INFORMATION SHOWN:
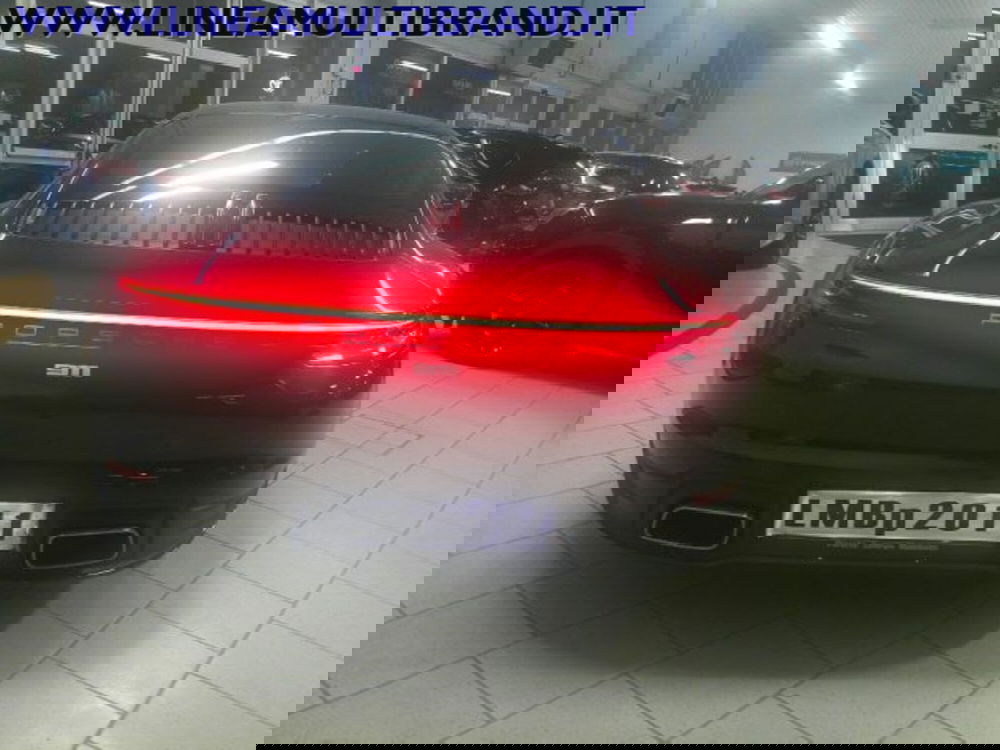 Porsche 911 Coupé usata a Piacenza (14)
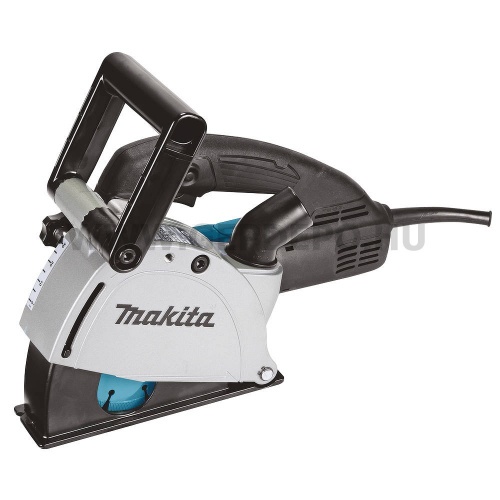 Makita SG1251J falhoronyvágó MAKPAC kofferben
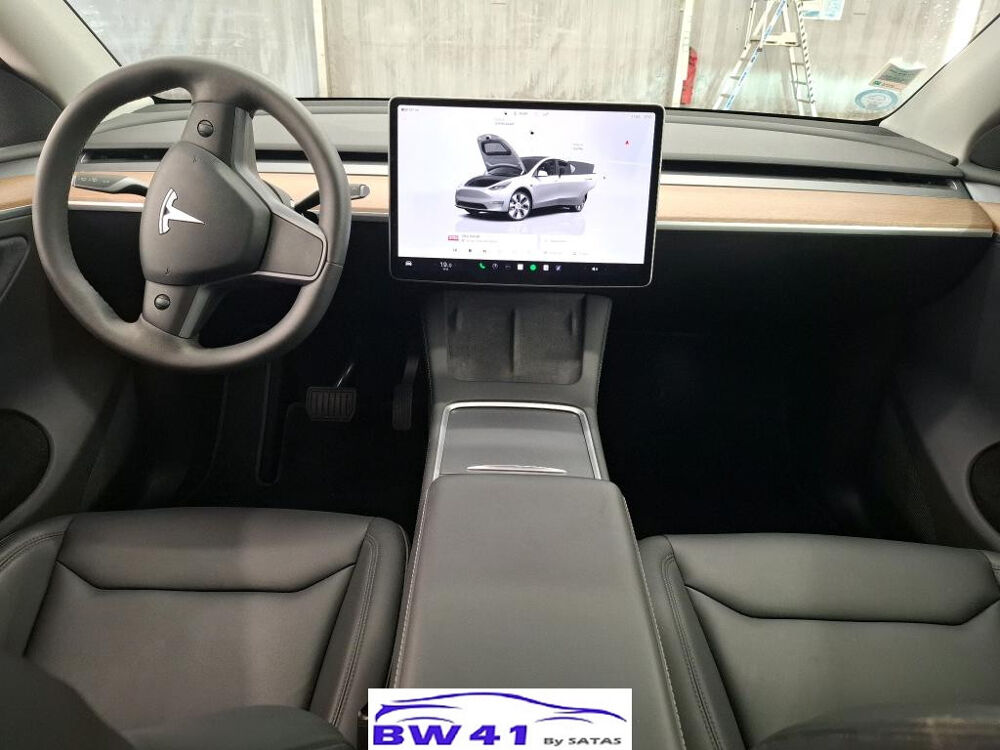 Model Y Grande Autonomie Dual Motor AWD 2023 occasion 41250 Neuvy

TASK BRIEF:
Write out the lines of the material from the one containing "Makita SG1251J falhoronyvágó" through the last, exactly and only those. Leave every picture out.

ANSWER BOX:
 Makita SG1251J falhoronyvágó MAKPAC kofferben
 Model Y Grande Autonomie Dual Motor AWD 2023 occasion 41250 Neuvy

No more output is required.